Postcard from Dubrovnik
In April of 2023, more than 400 scientists from around the world met in Dubrovnik Croatia for the annual HD Therapeutics conference hosted by CHDI Foundation. Each year CHDI creates a video summarizing the conference that is directed at non-scientists. Charles Sabine, British journalist, gene carrier, and HD advocate, hosts the video, which features interviews with scientists and updates on HD therapeutics research. Major topics include the GENERATION HD2 trial of tominersen, uniQure’s trial of gene therapy AMT-130, biomarkers, and novel approaches to treating HD. Check it out here.
This Week in HD History: Observational Research Studies
August of 2002 marked the beginning of an important observational study called PREDICT-HD. Based initially in Iowa, it was one of the largest early studies to track the development of HD symptoms in thousands of individuals over time, and the data is still being used to better understand early HD. In fact, its current iteration, PREVENT-HD, is ongoing at the University of Wisconsin.

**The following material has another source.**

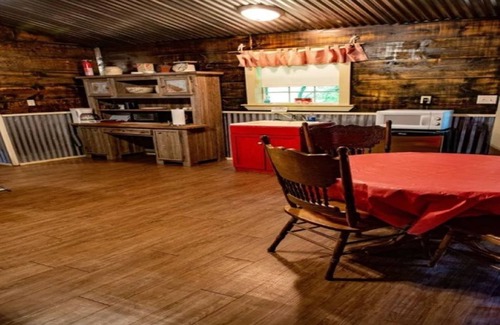 Lindale Cabin | Enjoy Your Home Away from Home in East TX!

Large observational studies are becoming more and more important because the knowledge gained helps to build a case for testing drugs in people with the HD gene before symptoms begin. Studies like Enroll-HD are also magnets for pharma companies to study HD and to recruit individuals who are already participating in research. That’s why HDSA highly encourages participation!
Transplanting Cells to Support the HD Brain
Our brains contain cells called neurons which communicate with one another to drive brain activity. Our brains also contain even more cells called glia which play many important supportive roles. A team of scientists based in Copenhagen and New York recently published a paper showing that it’s possible to replace diseased glia with healthy ones, in mice engineered to have HD. By transplanting “young” cells grown in dishes into state-of-the art genetic mouse models, Dr. Steven Goldman’s team showed that the new cells could replace sick ones and integrate into the brain’s existing network.
Some of the press around this paper emphasizes that human trials are a few years away. It’s always wise to approach those statements with caution, as research timelines can change. This paper is also very focused on the state of the cells in the brain, and it does not include experiments testing changes in HD mouse health or behavior. Further research will need to look at longer term safety and effectiveness. That said, this work represents an exciting potential avenue of research towards cell replacements to treat HD.